Industries and Sectors

Some industries have higher revenue multiples (or P/S ratios) than others due to several reasons. One of the primary reasons is growth potential. Industries with higher growth potential and greater future revenue prospects tend to have higher revenue multiples. For example, technology companies tend to have higher revenue multiples than other industries because they have a greater potential for future growth and earnings.

Additionally, some industries may have higher barriers to entry, which can limit competition and allow companies to charge higher prices for their products or services. This can result in higher revenues and higher revenue multiples. Conversely, industries with lower barriers to entry may have more competition and lower revenue multiples.

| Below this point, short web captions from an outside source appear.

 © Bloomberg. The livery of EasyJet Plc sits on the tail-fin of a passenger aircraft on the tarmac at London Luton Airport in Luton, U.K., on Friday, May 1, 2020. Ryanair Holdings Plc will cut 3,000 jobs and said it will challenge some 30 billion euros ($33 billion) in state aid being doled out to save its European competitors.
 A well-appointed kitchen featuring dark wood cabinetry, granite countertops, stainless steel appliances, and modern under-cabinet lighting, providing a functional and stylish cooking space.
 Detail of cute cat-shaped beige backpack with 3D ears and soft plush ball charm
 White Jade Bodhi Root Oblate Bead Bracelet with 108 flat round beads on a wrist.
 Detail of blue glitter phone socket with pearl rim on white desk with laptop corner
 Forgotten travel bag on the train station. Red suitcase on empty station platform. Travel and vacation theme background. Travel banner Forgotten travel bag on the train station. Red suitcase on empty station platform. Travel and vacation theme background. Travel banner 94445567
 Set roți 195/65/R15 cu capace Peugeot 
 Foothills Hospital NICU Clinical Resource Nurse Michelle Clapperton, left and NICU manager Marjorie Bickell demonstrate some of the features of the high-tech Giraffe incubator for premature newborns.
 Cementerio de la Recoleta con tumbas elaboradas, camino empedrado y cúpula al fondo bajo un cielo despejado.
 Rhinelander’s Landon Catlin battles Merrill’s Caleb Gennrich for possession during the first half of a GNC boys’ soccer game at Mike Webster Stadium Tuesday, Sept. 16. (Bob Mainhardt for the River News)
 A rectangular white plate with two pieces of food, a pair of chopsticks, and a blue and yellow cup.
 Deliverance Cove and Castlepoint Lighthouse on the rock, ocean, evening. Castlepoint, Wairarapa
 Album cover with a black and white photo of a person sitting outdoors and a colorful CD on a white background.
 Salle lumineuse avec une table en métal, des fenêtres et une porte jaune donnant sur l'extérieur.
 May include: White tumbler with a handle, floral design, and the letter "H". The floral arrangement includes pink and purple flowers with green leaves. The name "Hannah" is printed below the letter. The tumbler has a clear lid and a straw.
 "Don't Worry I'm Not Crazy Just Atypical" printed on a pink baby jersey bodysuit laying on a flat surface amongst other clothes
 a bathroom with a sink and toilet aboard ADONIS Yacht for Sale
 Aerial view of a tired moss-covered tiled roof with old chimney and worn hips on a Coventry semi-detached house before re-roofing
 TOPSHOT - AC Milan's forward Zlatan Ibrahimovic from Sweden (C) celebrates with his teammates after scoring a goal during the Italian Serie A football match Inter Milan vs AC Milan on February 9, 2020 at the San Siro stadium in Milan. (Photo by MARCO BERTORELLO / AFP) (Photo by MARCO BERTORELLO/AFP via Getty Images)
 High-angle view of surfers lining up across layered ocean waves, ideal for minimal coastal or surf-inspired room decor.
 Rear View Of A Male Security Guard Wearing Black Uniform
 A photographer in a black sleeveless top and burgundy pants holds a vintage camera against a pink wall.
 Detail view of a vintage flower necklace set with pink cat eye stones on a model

Another factor that can impact revenue multiples is profitability. Companies that are highly profitable may have higher revenue multiples because investors are willing to pay more for their shares. This is because highly profitable companies can generate more earnings per share, which can lead to higher stock prices and higher P/S ratios.

Finally, investor sentiment and market conditions can also impact revenue multiples. During periods of market optimism and high investor confidence, revenue multiples across all industries may be higher. Conversely, during times of market pessimism or economic downturns, revenue multiples may be lower as investors become more risk-averse.

Limitations of P/S Ratio

While the P/S ratio (or revenue multiple) is a useful metric for evaluating the valuation of a company, it also has some limitations. Here are some of the limitations of P/S ratio:

  1. Industry-specific: P/S ratio varies widely across different industries and sectors. Therefore, comparing P/S ratios of companies from different industries may not be meaningful. For example, technology companies typically have higher P/S ratios than companies in other industries.
  2. Does not consider profitability: P/S ratio only considers a company's revenue, but it does not take into account profitability. A company with a high P/S ratio but low profitability may not be a good investment.
  3. Does not consider debt: P/S ratio does not factor in a company's debt levels. A company with high debt levels may have a lower P/S ratio even if it has strong revenue growth potential.
  4. Does not account for future growth: P/S ratio is based on a company's current revenue, but it does not consider its future growth potential. A company with lower current revenue but strong growth prospects may have a higher P/S ratio than a company with higher current revenue but limited growth potential.

It's important to use P/S ratio in conjunction with other valuation metrics and to consider a range of factors when evaluating a company's valuation.

Comparison to Other Valuation Metrics

P/S ratio is just one of several valuation metrics used by investors and analysts. Other metrics, such as P/E ratio and discounted cash flow analysis, can provide a more comprehensive view of a company's valuation. However, P/S ratio is useful for identifying companies with high revenue growth potential and for comparing companies with different capital structures.